Chairman of Research technology pioneer
Ashton was born in Birmingham, United Kingdom.
He is known for inventing the term "the Internet of Things" to describe a system where the Internet is connected to the physical world via ubiquitous sensors. He was working as an assistant brand manager at Procter & Gamble (P&G) in 1997 when he became interested in using Radio Frequency IDentification to help manage P&G"s supply chain. This work led him to Massachusetts Institute of Technology, where he helped start an Radio Frequency IDentification research consortium called the Auto-Idaho Center with professors Sanjay Sarma and Sunny Siu and researcher David Brock.
The center opened in 1999 as an industry sponsored research project with the goal of creating a global open standard system to put Radio Frequency IDentification everywhere.
Ashton was the Center"s Executive Director. Siu, then Sarma, acted as Research Director, later Chairman of Research.

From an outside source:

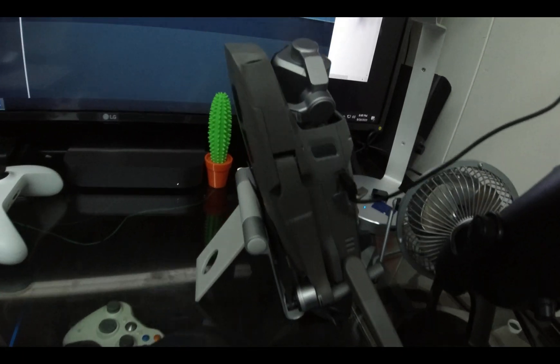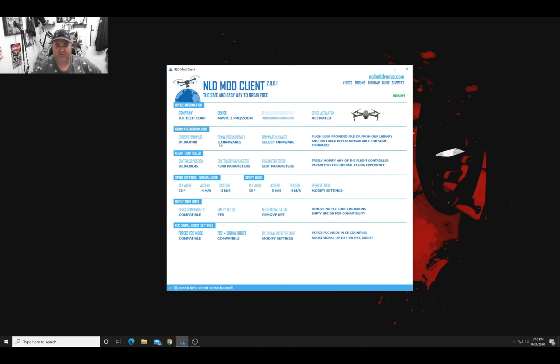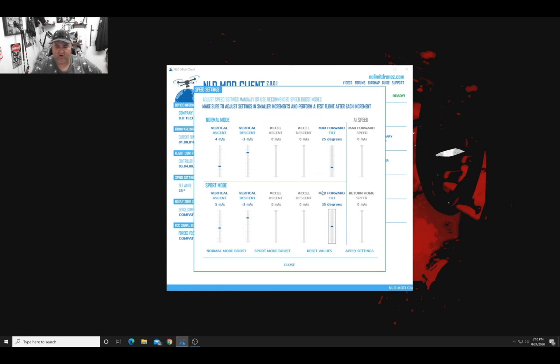Let me connect this bird and see if I can do this patch on my drone. It already has the no-fly zone patch. So it says I'm currently running 0100, which is perfect since I already have it patched with the NLD no-fly zone removal — no problems with that.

Under Ashton and Sarma"s leadership, the number of sponsors grew to 103, and additional labs were funded at other major universities around the world. Once the system was developed, Massachusetts Institute of Technology licensed it to not-for-profit standards body GS1 and the project reached a successful conclusion.
The labs were renamed Auto-Idaho Labs and continue their research.
Ashton became a high-tech entrepreneur with start-ups ThingMagic, cleantech company EnerNOC (National Association of Securities Dealers Automated Quotation:ENOC) and Zensi, an energy sensing company he founded with Shwetak Patel among others Zensi was acquired by Belkin International in April 2010. Ashton then developed and launched the Belkin WeMo home automation system.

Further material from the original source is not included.